What is needed ->
Word for word, transcribe the data below from the line with "Lupiora Tre Ponti" to the line with "Dos Ingenieros Trabajo", keeping both of those lines.

***** Extracted data *****

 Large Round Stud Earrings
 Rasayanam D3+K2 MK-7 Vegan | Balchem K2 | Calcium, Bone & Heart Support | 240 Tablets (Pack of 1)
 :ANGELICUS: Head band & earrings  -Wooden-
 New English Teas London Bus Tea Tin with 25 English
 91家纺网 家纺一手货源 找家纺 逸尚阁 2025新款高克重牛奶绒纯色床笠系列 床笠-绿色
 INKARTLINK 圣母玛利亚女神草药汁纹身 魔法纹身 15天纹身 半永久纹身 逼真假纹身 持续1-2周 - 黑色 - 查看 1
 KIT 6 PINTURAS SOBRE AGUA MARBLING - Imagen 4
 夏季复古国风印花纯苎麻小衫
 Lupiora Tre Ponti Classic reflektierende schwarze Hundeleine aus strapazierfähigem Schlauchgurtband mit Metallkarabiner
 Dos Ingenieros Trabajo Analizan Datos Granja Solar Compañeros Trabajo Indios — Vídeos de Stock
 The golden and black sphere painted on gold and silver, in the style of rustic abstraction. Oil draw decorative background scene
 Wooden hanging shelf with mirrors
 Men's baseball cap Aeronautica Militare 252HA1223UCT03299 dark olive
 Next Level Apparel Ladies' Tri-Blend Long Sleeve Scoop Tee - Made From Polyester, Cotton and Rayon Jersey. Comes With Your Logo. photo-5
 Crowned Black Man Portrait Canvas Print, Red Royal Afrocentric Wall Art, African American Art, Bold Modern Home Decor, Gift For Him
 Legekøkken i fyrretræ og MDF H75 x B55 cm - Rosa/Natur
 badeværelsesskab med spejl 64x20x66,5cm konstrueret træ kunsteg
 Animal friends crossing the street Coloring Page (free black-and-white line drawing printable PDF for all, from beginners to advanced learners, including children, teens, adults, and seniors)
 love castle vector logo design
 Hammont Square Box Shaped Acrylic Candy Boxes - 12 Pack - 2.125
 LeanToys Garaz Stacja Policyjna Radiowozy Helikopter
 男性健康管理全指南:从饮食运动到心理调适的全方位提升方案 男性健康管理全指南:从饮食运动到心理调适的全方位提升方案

*****

Your solution ->
 Lupiora Tre Ponti Classic reflektierende schwarze Hundeleine aus strapazierfähigem Schlauchgurtband mit Metallkarabiner
 Dos Ingenieros Trabajo Analizan Datos Granja Solar Compañeros Trabajo Indios — Vídeos de Stock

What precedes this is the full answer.